Pólya asked two questions when looking back. First: is the solution correct? That question is relatively easy; most teams ask it. Second: can the method be used to solve other problems? Almost no one asks that one. And it is the question that separates the team that delivered a project from the team that built capability. It is the difference between the team that got an agent running for one case and the team that discovered a delegation pattern that serves the next ten. The first is a service. The second is an organizational asset.
The Lab exists, in good measure, because someone has to sustain the fourth phase at the level of discipline, not project. Each AI implementation at a client is a particular case; the method distilled from those cases — what delegation pattern worked in what context, what thresholds were correct, what supervisions proved effective — is what becomes an asset. ARL, Digital Symbiosis, Cognitive Footprint did not arise from theory. They arose from the fourth phase applied with discipline over real projects. They are distillations, not speculations. That difference is what justifies their existence.

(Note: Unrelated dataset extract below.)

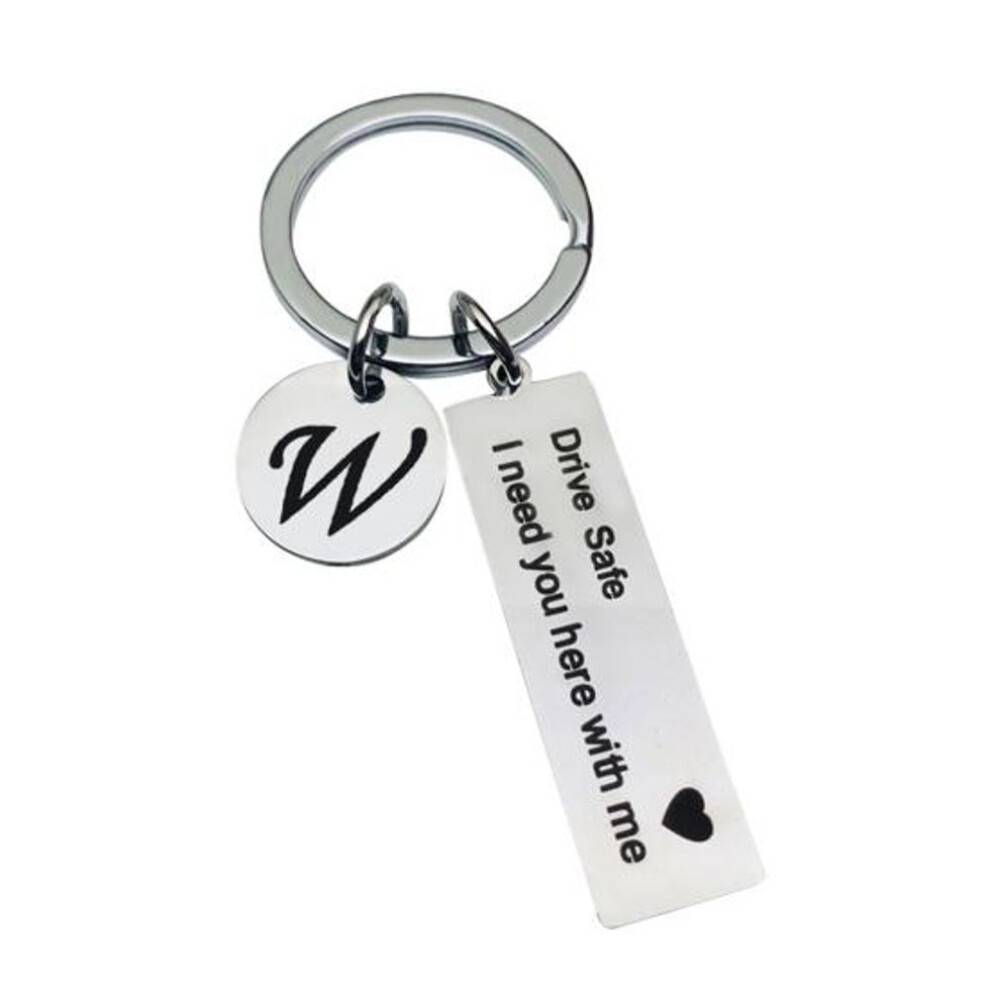 (Other, W) Key Holder Letter Pattern Fathers Day Gifts Stainless Steel Drive Safe Keychain for Home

It's worth saying frankly: the fourth phase is not profitable in the short horizon. Looking back and examining the method takes time no client pays for directly. It is an investment made against the next project, not the current one. Most consultancies don't do it because their business model doesn't reward it. The Lab exists as the organizational answer to that problem: it is the internal institution that sustains the phase that the business, left to itself, would neglect. It is not a luxury. It is the structure that makes learning accumulate instead of evaporating with each delivery.
The method is the asset
If the Lab's frameworks were understood as finished products, their value would be limited. Yet another framework in an industry that produces frameworks as disposable goods. The intent is different. The frameworks are the visible expression of an invisible discipline: the method applied to solving AI governance problems, refined case by case, transferred between projects, sustained institutionally. What matters is not ARL or Symbiosis or Footprint taken as artifacts. What matters is the method that produced them and that will produce the next ones when the substrate changes.
Pólya understood this in 1945. He formulated it for math teachers, but he formulated it as a general truth about how capability gets built: the solver builds themselves through the work, and the phase that builds the most is the fourth — the one done when there is no more urgency, when the problem is already solved, when almost no one is watching. That phase, which seems optional, is the only one that distinguishes the team that delivered from the team that learned. And in the long run — longer than quarterly metrics measure — it is the only one that distinguishes the organization that will be ready for the next problem from the organization that will be caught off guard.
The era of agents is going to produce many next problems. New models, new capabilities, new risks, new regulations. Each wave will test the organization's ability to respond. The one with method will respond. The one with only past projects will have to relearn each time. Pólya wrote the manual of the first one. The Lab is a contemporary attempt to apply it with the seriousness it deserves.